The effect of this new clause is to allow an independent scrutiny by the judiciary of national security notices issued by the Secretary of State, which at the present time cannot be challenged. This is an old argument over section 42. We believe that it is wrong for that decision to remain unchallengeable, first, because it is an anomalous element within the Bill. One of the strange facets of part II of the Bill concerns contract compliance. A contractor can be exempted and awarded a contract by the Secretary of State on the grounds of national security even if he happens to be an unqualified person, that is to say, a person who deliberately discriminates. Therefore, under the normal qualifications, and despite the enormous and very difficult procedures, he is eventually deemed to be not a suitable person to redeem a Government contract or a grant, but such an unqualified person may be given such a contract or grant on the ground of national security.
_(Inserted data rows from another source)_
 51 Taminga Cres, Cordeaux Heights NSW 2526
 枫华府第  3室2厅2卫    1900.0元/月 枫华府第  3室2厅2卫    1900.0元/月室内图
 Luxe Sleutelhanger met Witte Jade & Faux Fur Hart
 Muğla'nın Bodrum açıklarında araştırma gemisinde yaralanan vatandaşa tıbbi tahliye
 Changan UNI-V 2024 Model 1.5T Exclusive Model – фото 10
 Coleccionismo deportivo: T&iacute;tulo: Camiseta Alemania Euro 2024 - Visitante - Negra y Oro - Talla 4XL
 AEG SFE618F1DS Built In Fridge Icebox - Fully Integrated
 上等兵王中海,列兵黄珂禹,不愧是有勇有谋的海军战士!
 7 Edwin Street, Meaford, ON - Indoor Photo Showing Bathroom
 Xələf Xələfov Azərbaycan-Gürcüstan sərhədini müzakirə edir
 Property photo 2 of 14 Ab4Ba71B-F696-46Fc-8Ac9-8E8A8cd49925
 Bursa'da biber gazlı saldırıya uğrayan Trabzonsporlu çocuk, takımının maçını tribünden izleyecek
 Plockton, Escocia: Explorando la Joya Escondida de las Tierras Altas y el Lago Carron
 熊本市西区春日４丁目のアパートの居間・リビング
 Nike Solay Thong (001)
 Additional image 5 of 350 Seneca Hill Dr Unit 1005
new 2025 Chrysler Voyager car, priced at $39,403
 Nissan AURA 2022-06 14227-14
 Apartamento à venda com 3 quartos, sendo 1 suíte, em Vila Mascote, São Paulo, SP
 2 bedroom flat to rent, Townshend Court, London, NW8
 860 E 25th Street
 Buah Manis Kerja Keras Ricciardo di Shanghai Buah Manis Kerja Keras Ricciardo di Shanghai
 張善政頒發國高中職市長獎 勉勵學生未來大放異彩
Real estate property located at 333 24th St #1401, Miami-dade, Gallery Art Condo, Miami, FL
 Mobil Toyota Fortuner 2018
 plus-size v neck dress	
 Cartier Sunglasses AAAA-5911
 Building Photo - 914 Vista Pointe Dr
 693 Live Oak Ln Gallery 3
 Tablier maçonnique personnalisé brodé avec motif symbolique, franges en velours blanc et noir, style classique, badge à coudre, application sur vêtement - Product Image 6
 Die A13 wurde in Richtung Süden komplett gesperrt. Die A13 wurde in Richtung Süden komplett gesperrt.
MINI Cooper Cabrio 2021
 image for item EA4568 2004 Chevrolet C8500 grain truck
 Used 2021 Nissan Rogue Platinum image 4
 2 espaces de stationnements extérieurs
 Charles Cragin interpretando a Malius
Under part II of the Bill the Secretary of State's decision in such a matter would be unchallengeable because the courts would be able to exercise judicial review of his decision. Under section 42 of the 1976 Act no such judicial review exists in the case of a person denied employment or a contract by virtue of the Secretary of State's national security certificate. This certificate allows the Secretary of State to prevent an investigation into a case of alleged discrimination on the ground of national security. No provision for any form of appeal or judicial supervision exists to prevent abuses of power in this way.

The other anomaly is that it is not in conformity with the Sex Discrimination Order under which, since an amendment moved by the Government last year, national security certificates are subject to judicial review. That is the case of Johnston v the RUC. As a result of this provision, and particularly because the tribunal may at times have both a sex and a religious jurisdiction to carry out, a ludicrous situation arises. An individual can bring a case under the Fair Employment Bill and under the Sex Discrimination Order. If a national security certificate were issued by the Secretary of State, the complainant could seek a judicial review under the Sex Discrimination Order but not under the Bill. That is obviously nonsense.

Secondly, once again, this Bill could be in conflict with international law. The case of Johnston v the RUC went to the Communities courts, but under the European convention on human rights there is an insistence that an individual must have redress against an arbitrary use of power. So, again, with regard to the Secretary of State's certificate, there could be an application to the European convention on human rights.

Thirdly, there is widespread concern in Northern Ireland about this issue, as demonstrated by the recent BBC programme "Taking Liberties". The Minister may object by saying that section 42 has been used only in a limited number of cases, and that is correct.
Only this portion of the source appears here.